* Required action *
When you reach the line containing "4 Cuarto Villa en venta" in the data below, begin returning lines exactly as written, and stop once the line containing "Mercedes-AMG GT Coupé 4 portas elétrico" has been returned.

══ Input material

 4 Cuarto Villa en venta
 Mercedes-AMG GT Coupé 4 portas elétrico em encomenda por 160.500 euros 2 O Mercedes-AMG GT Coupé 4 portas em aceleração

════
══ Input material

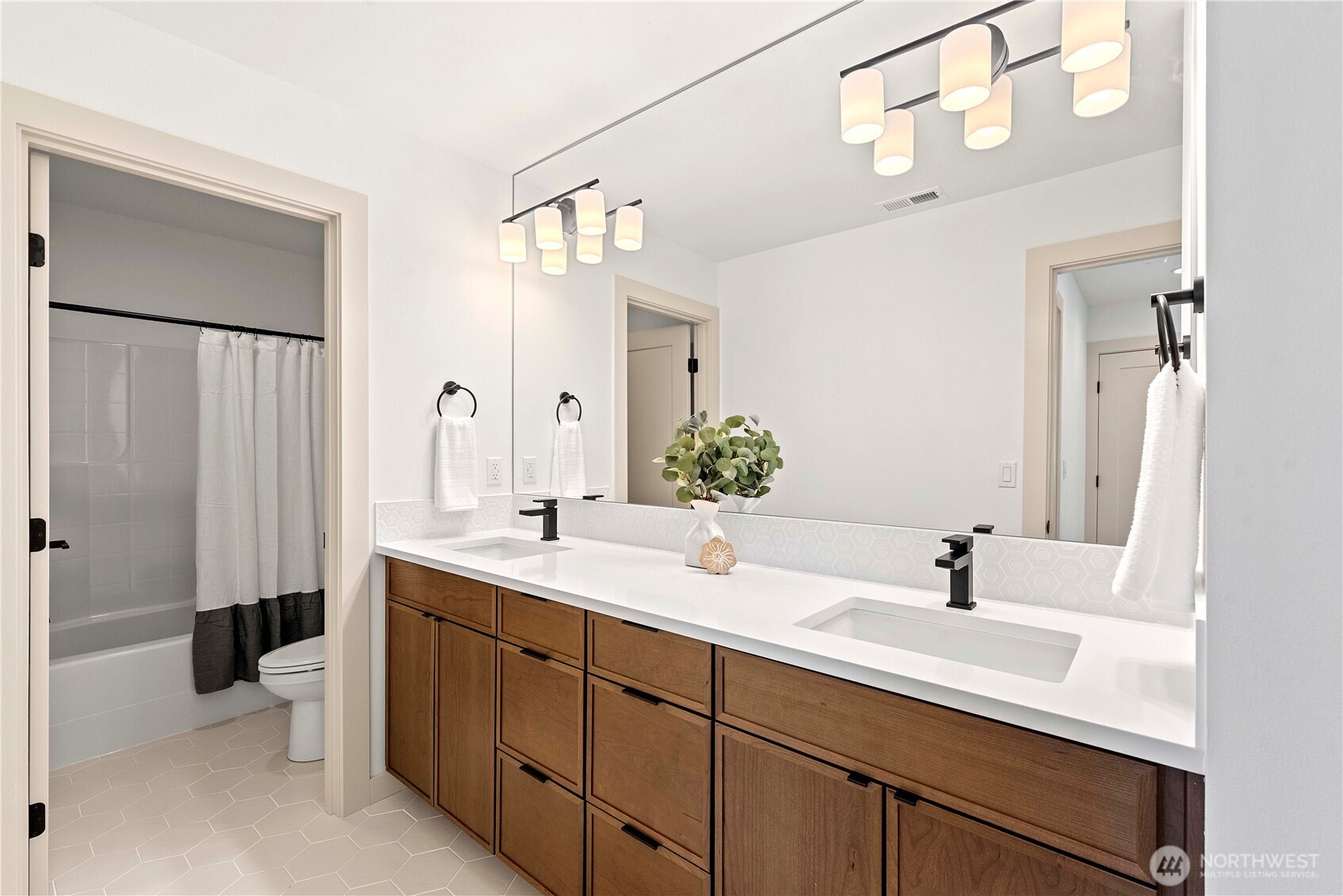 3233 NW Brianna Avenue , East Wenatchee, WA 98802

════

* Response area *
 4 Cuarto Villa en venta
 Mercedes-AMG GT Coupé 4 portas elétrico em encomenda por 160.500 euros 2 O Mercedes-AMG GT Coupé 4 portas em aceleração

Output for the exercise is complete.